[Web page caption snippets]
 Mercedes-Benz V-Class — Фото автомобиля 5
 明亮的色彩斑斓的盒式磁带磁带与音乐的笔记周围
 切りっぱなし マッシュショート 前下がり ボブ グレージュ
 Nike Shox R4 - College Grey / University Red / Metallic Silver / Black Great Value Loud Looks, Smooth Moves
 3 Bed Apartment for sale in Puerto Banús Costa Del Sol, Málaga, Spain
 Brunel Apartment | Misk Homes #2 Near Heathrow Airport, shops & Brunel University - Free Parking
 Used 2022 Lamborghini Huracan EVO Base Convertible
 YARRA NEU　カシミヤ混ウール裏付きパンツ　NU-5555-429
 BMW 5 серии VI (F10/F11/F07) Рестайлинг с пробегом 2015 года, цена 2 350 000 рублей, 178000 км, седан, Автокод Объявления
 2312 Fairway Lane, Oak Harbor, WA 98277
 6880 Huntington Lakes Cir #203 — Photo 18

# What you should do:
The answer must be a verbatim transcription of the entries above, from the first line through the line that contains "3 Bed Apartment", and nothing more.

# Result:
 Mercedes-Benz V-Class — Фото автомобиля 5
 明亮的色彩斑斓的盒式磁带磁带与音乐的笔记周围
 切りっぱなし マッシュショート 前下がり ボブ グレージュ
 Nike Shox R4 - College Grey / University Red / Metallic Silver / Black Great Value Loud Looks, Smooth Moves
 3 Bed Apartment for sale in Puerto Banús Costa Del Sol, Málaga, Spain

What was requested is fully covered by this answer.